In some ways, however, Anne has even greater pride than Sir Walter and Elizabeth.  Just as Anne is the repository of memories which others have forgotten,5 she is also the one who feels pride when Sir Walter and her sisters forget to.  For example, when her father shows himself swayed and delighted by the attention and flattery of the society in Bath, “[Anne] must sigh that her father should feel no degradation in his change; should see nothing to regret in the duties and dignity of the resident landholder” (138).  Anne feels not only the shame of which he is entirely incapable, but also more pride than Sir Walter himself over his former position of responsibility in the social order.  She keenly senses both “degradation” and “dignity” where her father and sister are oblivious.6  In the scenes surrounding the Dowager Viscountess Dalrymple, Anne again exhibits more pride than her haughty father and sister.  She wishes that they would refrain from toadying to their high-ranking relatives: Anne “had hoped better things from their high ideas of their own situation in life, and was reduced to form a wish she had never foreseen – a wish that they had more pride” (148).7  A little later she confides to Mr. Elliot: “I suppose I have more pride than any of you; ….  I certainly am proud, too proud to enjoy a welcome which depends upon place” (151) – that is, which depends upon the limited choice of society which Bath affords.  Anne’s self-evaluation here, I would suggest, is more accurate than it at first may appear – Anne not only has more pride, but if vanity is the concern for reputation and the desire for admiration, then Anne has a considerable degree of vanity as well.

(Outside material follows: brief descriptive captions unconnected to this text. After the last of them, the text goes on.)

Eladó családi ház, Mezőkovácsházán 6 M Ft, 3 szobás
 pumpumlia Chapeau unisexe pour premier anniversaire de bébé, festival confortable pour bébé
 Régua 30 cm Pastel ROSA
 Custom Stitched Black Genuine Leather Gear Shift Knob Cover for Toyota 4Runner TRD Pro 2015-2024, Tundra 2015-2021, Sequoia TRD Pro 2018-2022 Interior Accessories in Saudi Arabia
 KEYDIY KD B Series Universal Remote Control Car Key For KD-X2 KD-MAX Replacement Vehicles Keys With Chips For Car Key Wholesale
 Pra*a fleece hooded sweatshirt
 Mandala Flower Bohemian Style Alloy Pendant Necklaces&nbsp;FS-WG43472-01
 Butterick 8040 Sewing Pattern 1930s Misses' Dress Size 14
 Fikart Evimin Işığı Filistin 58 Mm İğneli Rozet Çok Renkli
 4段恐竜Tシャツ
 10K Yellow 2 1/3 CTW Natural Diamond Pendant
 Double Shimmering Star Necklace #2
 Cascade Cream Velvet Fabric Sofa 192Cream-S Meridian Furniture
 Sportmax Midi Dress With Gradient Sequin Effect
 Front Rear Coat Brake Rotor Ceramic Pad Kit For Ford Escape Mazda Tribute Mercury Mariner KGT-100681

Anne, who was “only Anne,” whose “word had no weight,” who knows her own “nothingness,” is also the same Anne who is greatly concerned about “dignity” and her reputation and how the family is seen.  Only Anne cares enough to protect the family name and reputation by taking leave of “almost every house in the parish” because, she says, “I was told that they [the parishioners] wished it” (45).  Just as her mother had “concealed [Sir Walter’s] failings and promoted his real respectability for seventeen years” (4, my emphasis), we learn that Anne, too, works to promote the “real respectability” of the Elliot family and name.  Even Anne’s ability to understand Elliot “nothingness” from afar is actually intimately related to a similar evaluation of and great concern for how (and whether) she and her family are seen to that we saw in her father.  Why is it then that we approve of Anne’s version of “pride” and “vanity,” her self-consciousness and desire for dignity, while we disapprove of Sir Walter’s and Elizabeth’s?  The scheme that in the first few pages of Persuasion seem so starkly delineated – namely that Sir Walter embodies vanity while Anne is pure modesty – actually shows itself to be much more subtle and reflects the heated eighteenth-century philosophical debate about the possibility that all passions, including pride and vanity, could be the basis of virtue and benefit humanity.  Austen characteristically moves beyond standard definitions and makes us question the terms themselves: just as Wentworth learns to question the virtue of “resolution,” the reader is asked to question the viciousness of “pride” and “vanity.”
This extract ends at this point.